The year 2016 is right around the corner which means it’s time for resolutions. When it comes to healthy goals for the New Year; many people tend to focus on physical health but mental well-being is just as important.
“Health is a state of complete physical, mental and social well-being, and not merely the absence of disease or infirmity,” according to the World Health Organization.
The number one New Year’s resolution is usually to lose weight but people should look at what’s underneath that goal, said Christine Ellis, director of Creative Health Services clinical wellness recovery program. The program helps adults become healthier physically and mentally.
“There’s a reason you want to lose weight,” she said.
Mercury Mile participant pose for a photo after attending an afternoon yoga session.
Ellis said it’s usually about quality of life and the goal ties back into mental health. She said people tend to focus only on the physical aspects of health without realizing emotions affect the body. Chronic stress can lead to high blood pressure, weight gain and cardiovascular diseases. Some people even mistake a panic attack for a heart attack. Anxiety can lead to physical symptoms such as sweating, dizziness and a rapid heartbeat, according to the American Psychological Association.
“People go to the emergency room and they’re convinced they’re having a heart attack. The symptoms are very similar and they’re very real,” Ellis said.
She said a lot of people can relate to having symptoms of anxiety and depression. It could be nervousness before an interview, mood swings or just feeling down. Depression is when a person feels sad, hopeless or discouraged, according to the Anxiety and Depression Association of America. Anxiety is the most common mental illness in the U.S. and affects 40 million adults, according to the association.
“Depression and anxiety; we call those the commons colds of the mental health world,” Ellis said.

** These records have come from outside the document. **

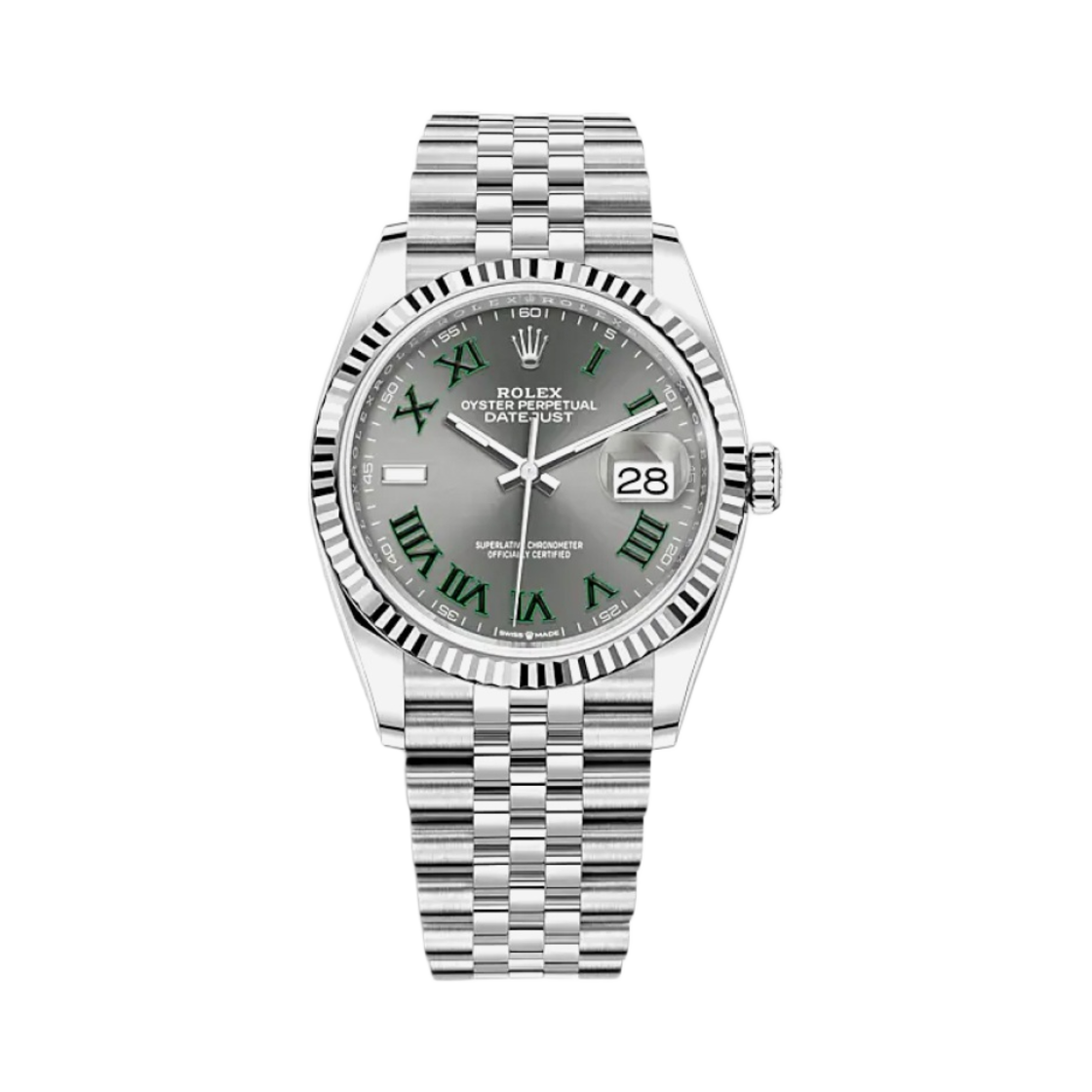 롤렉스 데이트저스트 36mm 126234 슬레이트 로만 쥬빌리(Rolex Datejust 36mm 126234 Slate Roman Jubilee)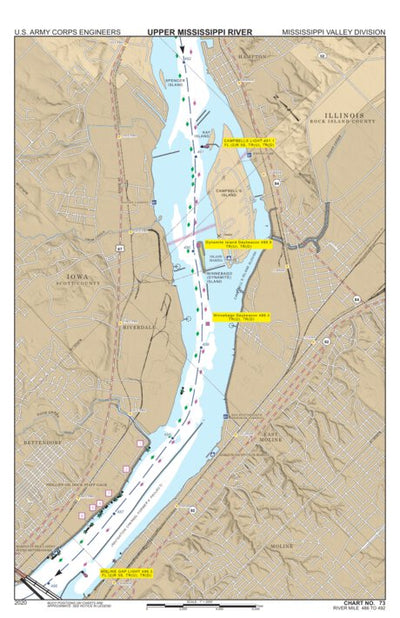 Chart 73 - Upper Mississippi River Miles 492-486 Preview 1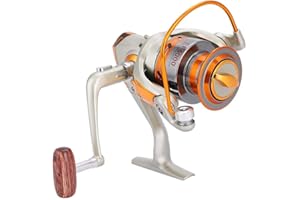 Keenso Fishing Reel, 12 Ball Bearing Heavy Duty Casting Design, Metal Construction Saltwater Use, Sea Boat Ice Angling, EF6000 Model Sport Fishing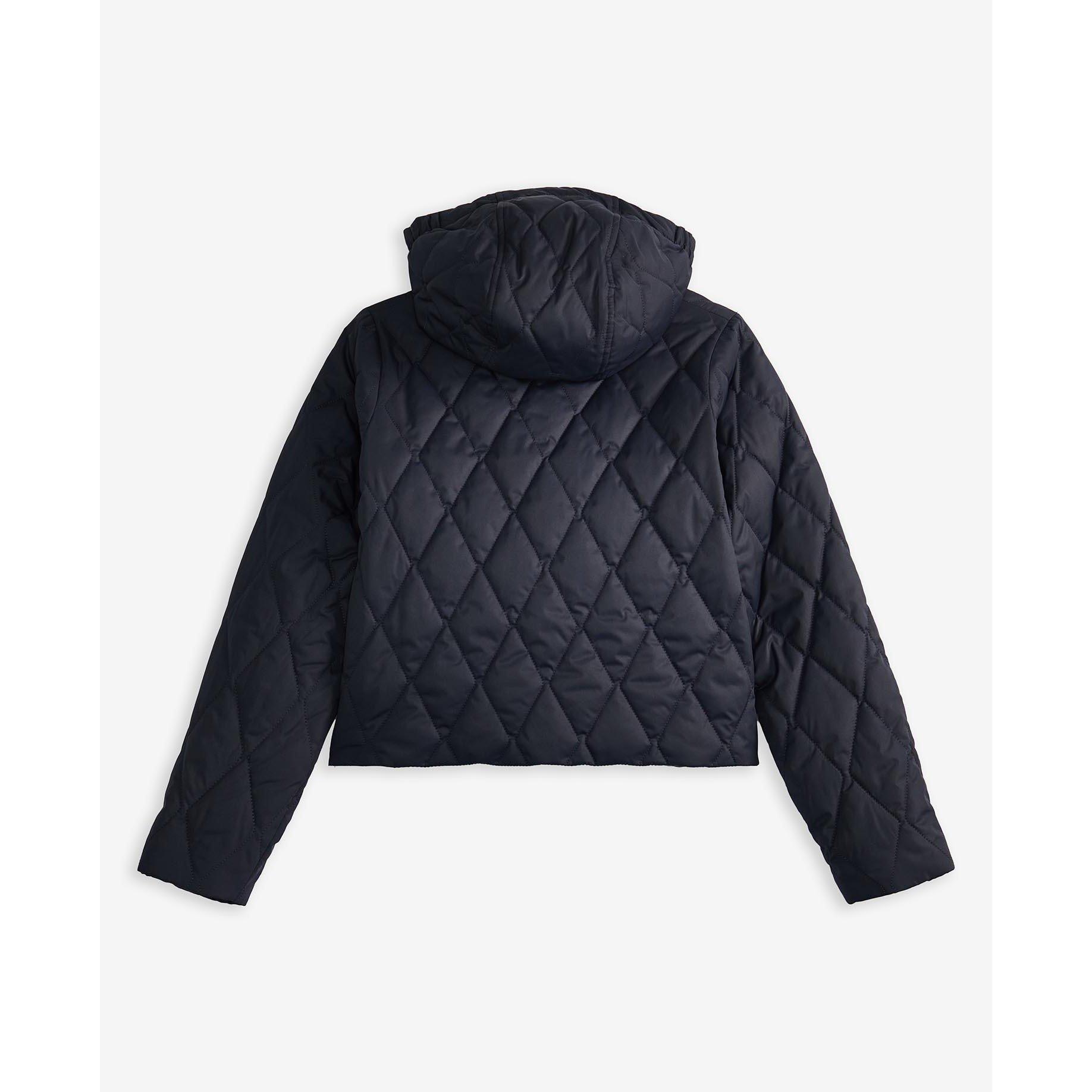 Dark Navy NY71 - Barbour - Kids' Venton Quilted Cropped Short Puffer Jacket - 3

She said it’s important to find time to relax since there are so many everyday stressors. The activity could be as simple as spending time with friends or going out to dinner. Ellis said exercise not only helps with stress but also has a positive effect on the brain. Creative outlets, meditation and yoga are also activities great for mental health, she said.
“It helps our bodies and our brains counteract the effects of stress,” Ellis said.
Yoga offers a lot of relaxation in a short amount of time, said Barbara Kosciewicz of High Street Yoga and Wellness Center in Pottstown. She said it’s as easy as sitting quietly in a yoga pose then breathing in and out.
Another outlet that helps strengthen the mind is art. ArtFusion19464 in Pottstown has a Healing Arts program for people who have been affected by cancer. Pottery teacher Kristen VonHohen said art is an outlet that can help get frustration out.
“It’s a way for me to process things in my head while physically doing something,” she said.
Michilea Patterson – Digital First Media Kathy Deeb creates a clay pot during an art workshop in Pottstown. Deep is currently undergoing cancer treatments and said the pot she created represented hope.
Kathy Deeb, who is currently being treated for cancer, attended a clay pottery workshop at ArtFusion. She said art helps give her something to focus on. Deeb said the clay pot she created represented her process since being diagnosed with cancer.
“There’s hope in it,” she said.
Susan O’Hanlon, a volunteer at the workshop, said art helps her to be present in the moment.
“Art is like exercise. It relieves stress,” she said.
Ellis said people should participate in activities that relax the mind because emotions and stressors can affect everyday life. She said stress can impact relationships and accomplishing goals like New Year’s resolutions. Treat anxiety and stress while it’s small before it reaches a point of big concern, Ellis said.
“It’s easier to believe something’s a physical health problem than to believe that maybe it’s your brain, maybe it’s a mental health issue going on,” she said. “I think most of us could benefit from just attending to how we’re feeling.”